• _PROVIDED DATA_
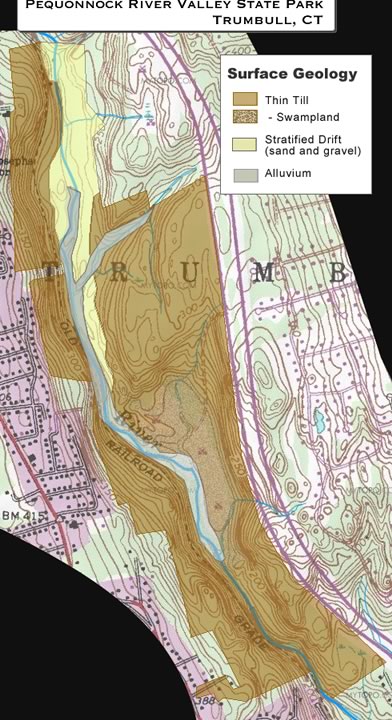 Surface Geology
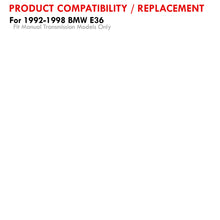 Load image into Gallery viewer, BMW 3 Series E36 1992-1998 Manual Transmission Aluminum Radiator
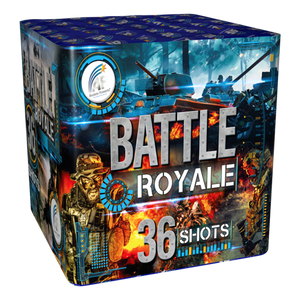 Absolute Fireworks Battle Royale - AF0710-NWI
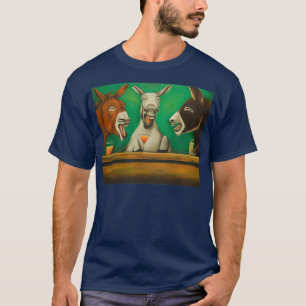 Camiseta Burros riéndose 1
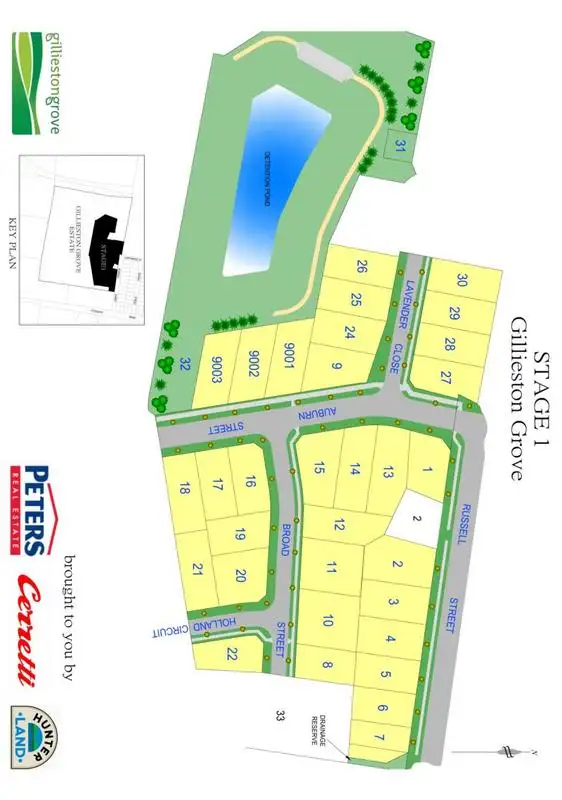Second view of Homely land listing, Lot 30 Lavender Close, Gillieston Heights NSW 2321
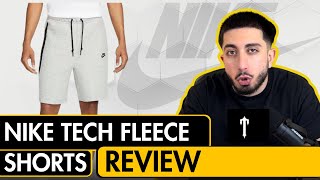 Nike Tech Fleece Shorts Review  Sizing Features etc [upl. by Rosaline]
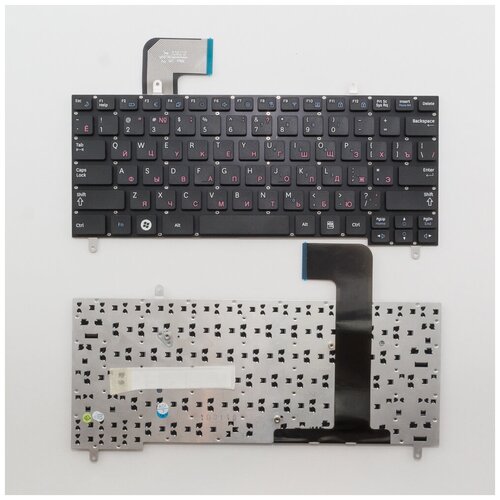 Клавиатура для ноутбука Samsung N210 черная без рамки 1090₽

• _ACTIVITY_
Starting at the line that contains "Second view of", extract each line through the last line of the material exactly as written, and include no pictures.

• _WRITTEN RESPONSE_
Second view of Homely land listing, Lot 30 Lavender Close, Gillieston Heights NSW 2321
 Nike Tech Fleece Shorts Review  Sizing Features etc [upl. by Rosaline]
 Клавиатура для ноутбука Samsung N210 черная без рамки 1090₽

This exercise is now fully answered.